Supplied material:
**********

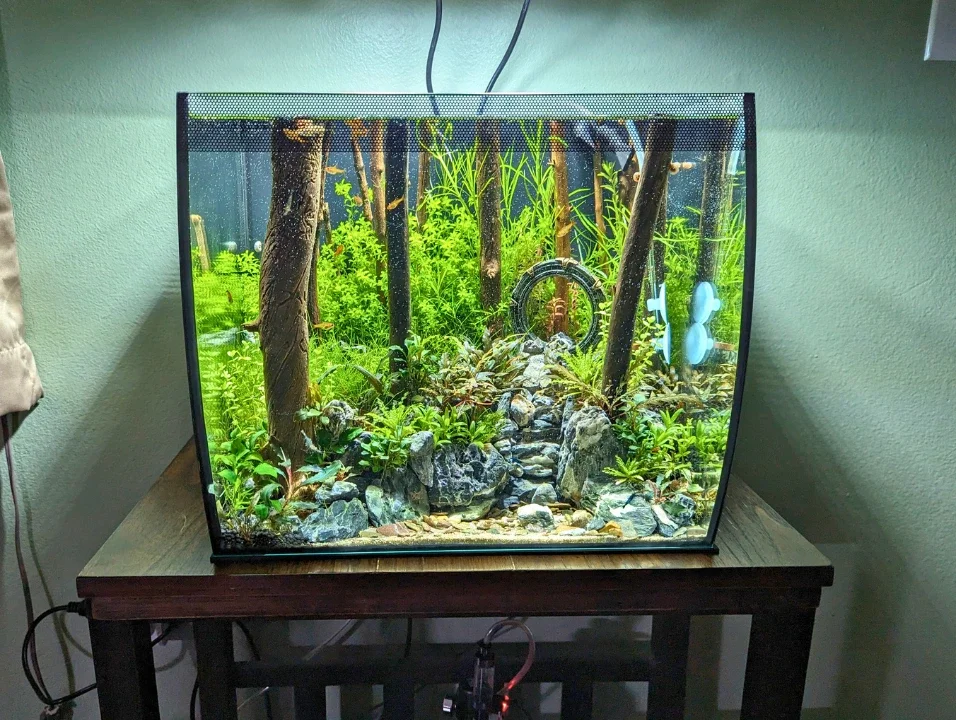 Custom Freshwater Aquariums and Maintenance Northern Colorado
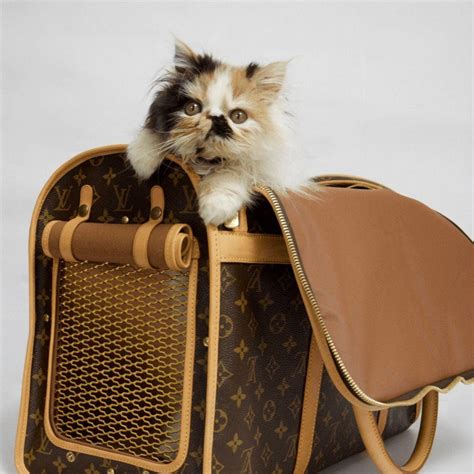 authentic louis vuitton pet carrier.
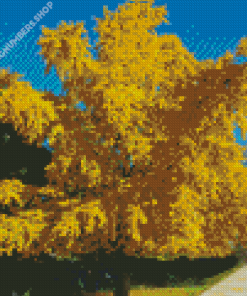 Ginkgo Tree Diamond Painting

**********

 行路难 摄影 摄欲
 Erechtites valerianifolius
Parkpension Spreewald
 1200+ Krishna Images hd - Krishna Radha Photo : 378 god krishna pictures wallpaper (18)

**********

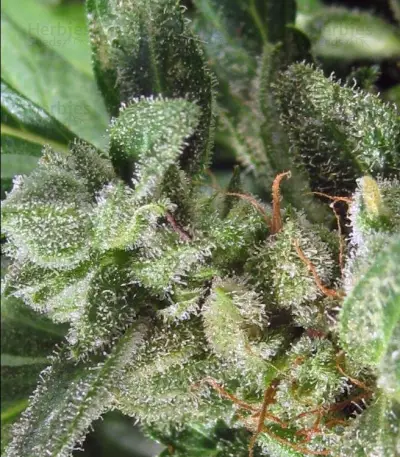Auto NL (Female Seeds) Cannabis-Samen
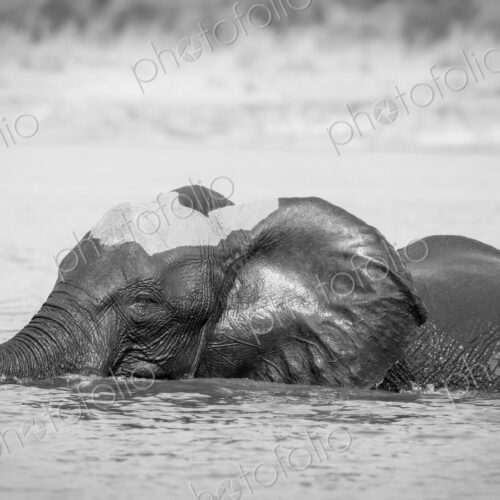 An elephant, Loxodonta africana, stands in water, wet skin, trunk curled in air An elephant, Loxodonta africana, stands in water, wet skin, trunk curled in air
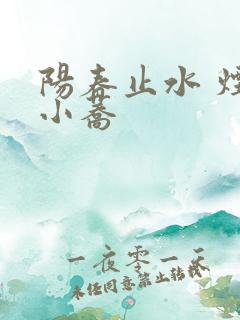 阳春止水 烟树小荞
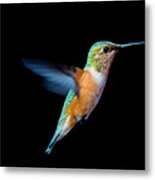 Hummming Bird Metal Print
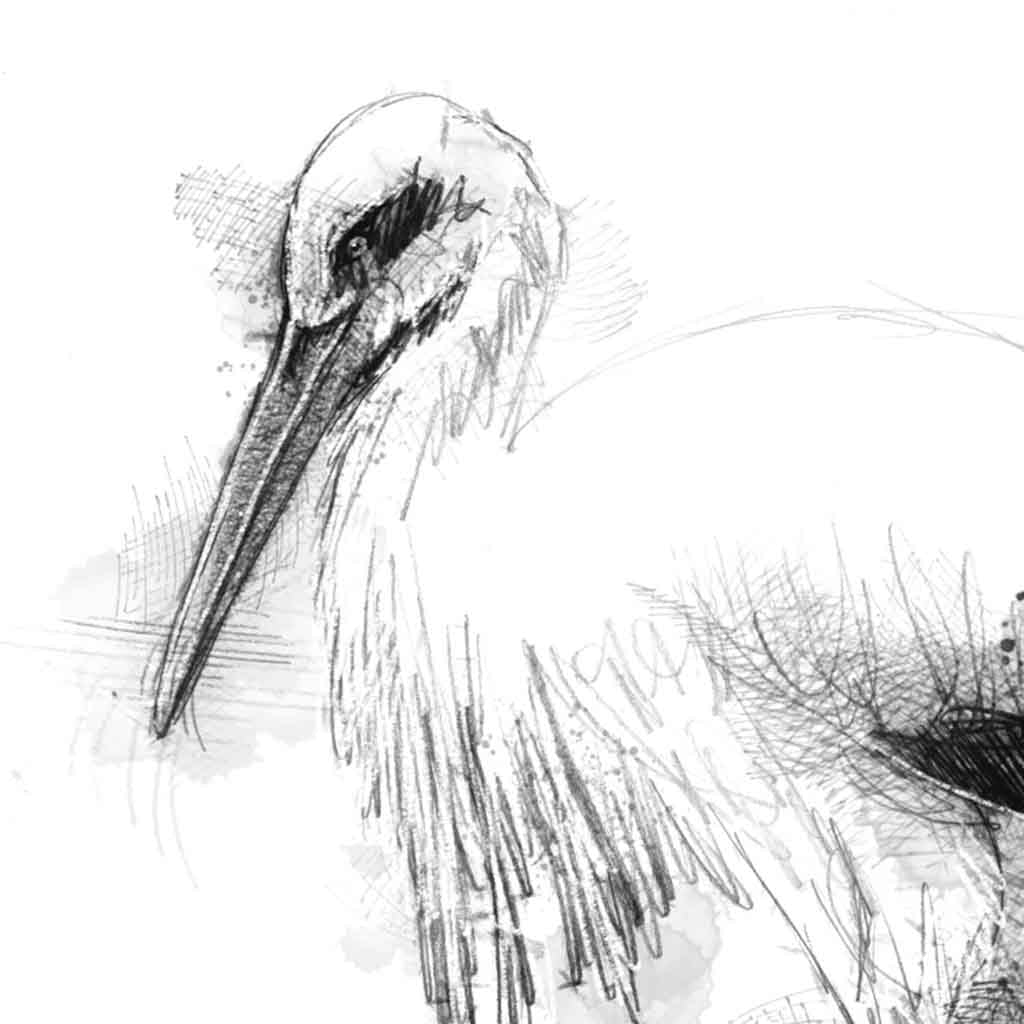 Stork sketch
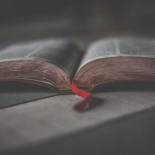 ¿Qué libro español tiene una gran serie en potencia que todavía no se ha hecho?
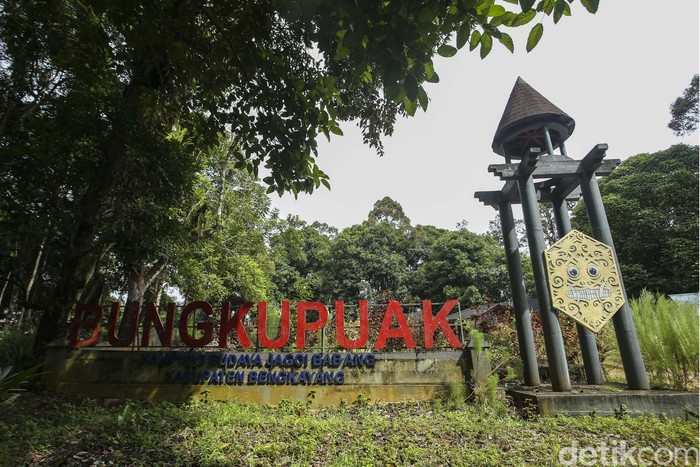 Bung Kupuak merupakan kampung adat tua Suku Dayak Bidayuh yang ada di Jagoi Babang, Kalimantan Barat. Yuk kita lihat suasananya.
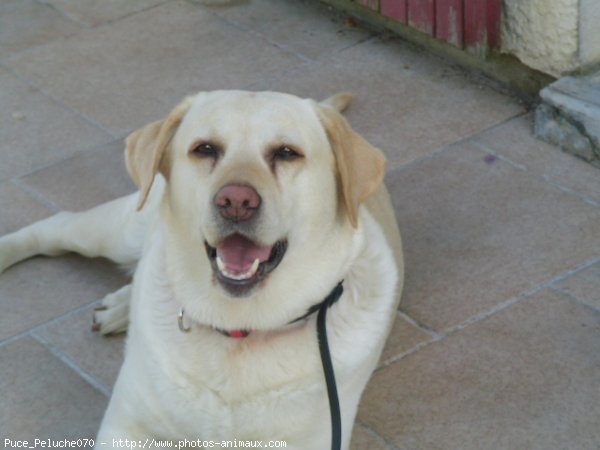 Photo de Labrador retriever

**********

Description of the task:
Where a picture appears in the records above, omit it, and transcribe exactly the stretch of lines from the one with "Custom Freshwater Aquariums" through the one with "Ginkgo Tree Diamond Painting".

Solution:
 Custom Freshwater Aquariums and Maintenance Northern Colorado
 authentic louis vuitton pet carrier.
 Ginkgo Tree Diamond Painting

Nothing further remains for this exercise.